Eekholm Signe, Samuelson Karin, Ahlström Gerd, Lindhardt Tove
Department of Health Sciences, Faculty of Medicine, Lund University, Sölvegatan 19, P.O. Box 117, SE-221 00 Lund, Sweden.
Department of Internal Medicine, Copenhagen University Hospital Herlev and Gentofte, Gentofte Hospitalsvej 4, 2nd. Floor, DK-2900 Hellerup, Denmark.
Healthcare (Basel). 2023 Dec 22;12(1):32. doi: 10.3390/healthcare12010032.

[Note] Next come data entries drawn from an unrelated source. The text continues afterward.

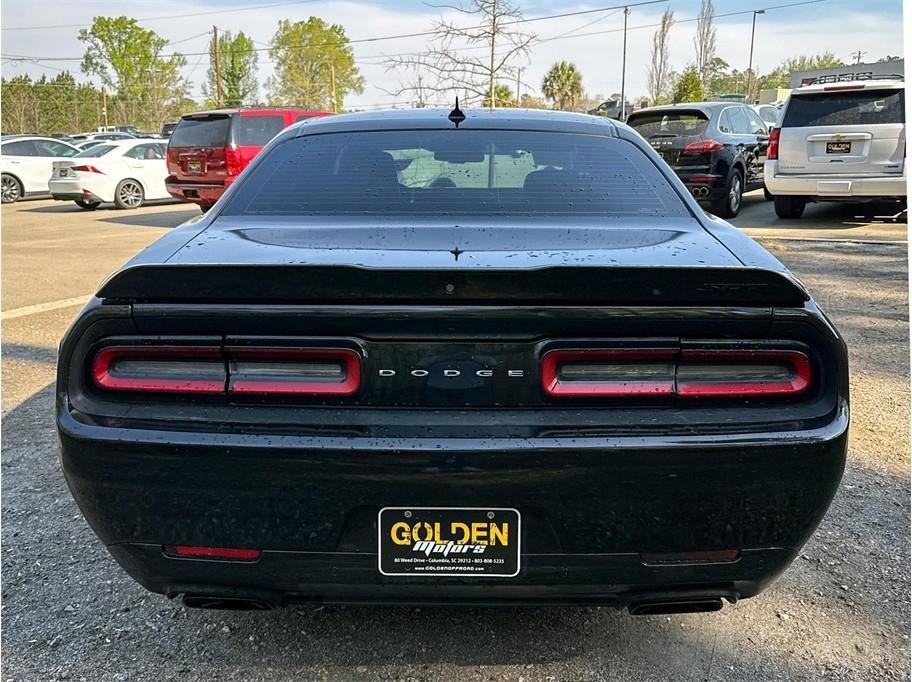 Used 2015 Dodge Challenger SRT w/ Technology Group RWD image 10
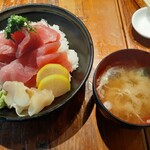 魚屋のマグロ食堂 オートロキッチン - 鉄火丼とみそ汁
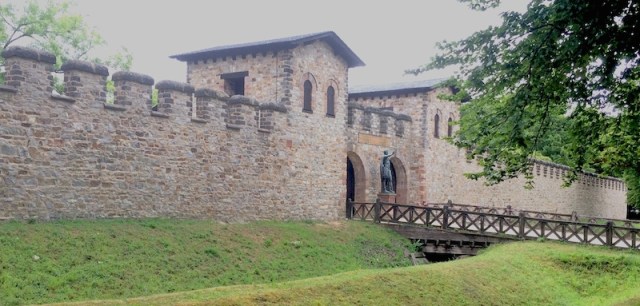 Saalburg, main entrance. – Photo (c) PK, August 2015.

Community-acquired pneumonia is a serious public health problem, and more so in older patients, leading to high morbidity and mortality. However, this problem can be reduced by optimising in-hospital nursing care. Accordingly, this study describes a systematic process of designing and developing a tailored theory- and research-based implementation strategy that supports registered nurses (RNs) in delivering evidence-based and person-centred care for this patient population in a hospital setting. The implementation strategy was developed by completing the six steps of the Intervention Mapping framework: (1) developing a logic model of the problem and (2) a logic model of change by defining performance and change objectives, (3) designing implementation strategy interventions by selecting theory-based change methods, (4) planning the interventions and producing materials through a co-design approach, (5) developing a structured plan for adoption, maintenance and implementation and (6) developing an evaluation plan. This method can serve as a guide to (1) target behavioural and environmental barriers hindering the delivery of nursing care in local clinical practice, (2) support evidence uptake, (3) support RNs in the delivery of nursing care according to individual patient needs and thereby (4) optimise health-related patient outcomes.
社区获得性肺炎是一个严重的公共卫生问题,在老年患者中更为严重,会导致高发病率和死亡率。然而,通过优化住院护理可以减少这一问题。因此,本研究描述了一个系统的过程,即设计和开发一种基于理论和研究的定制实施策略,以支持注册护士(RN)在医院环境中为这类患者群体提供循证且以患者为中心的护理。该实施策略是通过完成干预映射框架的六个步骤来制定的:(1)构建问题的逻辑模型,(2)通过定义绩效和变革目标构建变革逻辑模型,(3)通过选择基于理论的变革方法设计实施策略干预措施,(4)通过共同设计方法规划干预措施并制作材料,(5)制定采用、维持和实施的结构化计划,以及(6)制定评估计划。这种方法可以作为一个指南,用于(1)针对阻碍当地临床实践中护理服务提供的行为和环境障碍,(2)支持证据的采纳,(3)支持注册护士根据患者个体需求提供护理服务,从而(4)优化与健康相关的患者结局。